### DATA SUPPLIED
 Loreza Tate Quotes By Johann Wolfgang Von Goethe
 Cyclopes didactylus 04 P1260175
...
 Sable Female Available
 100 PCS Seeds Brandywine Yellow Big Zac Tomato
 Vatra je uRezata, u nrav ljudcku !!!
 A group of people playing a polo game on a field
---
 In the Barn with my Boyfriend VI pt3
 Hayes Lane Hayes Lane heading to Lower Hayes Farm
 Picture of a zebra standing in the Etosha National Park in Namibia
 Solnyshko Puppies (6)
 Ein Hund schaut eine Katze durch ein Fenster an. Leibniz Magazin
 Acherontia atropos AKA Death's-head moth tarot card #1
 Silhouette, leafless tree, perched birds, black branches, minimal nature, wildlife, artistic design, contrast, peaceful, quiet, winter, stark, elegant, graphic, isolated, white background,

### PROBLEM DESCRIPTION
Output only an exact transcription of the lines above from the one with "Loreza Tate Quotes" up to and including the one with "Cyclopes didactylus 04 P1260175".

### RESPONSE
 Loreza Tate Quotes By Johann Wolfgang Von Goethe
 Cyclopes didactylus 04 P1260175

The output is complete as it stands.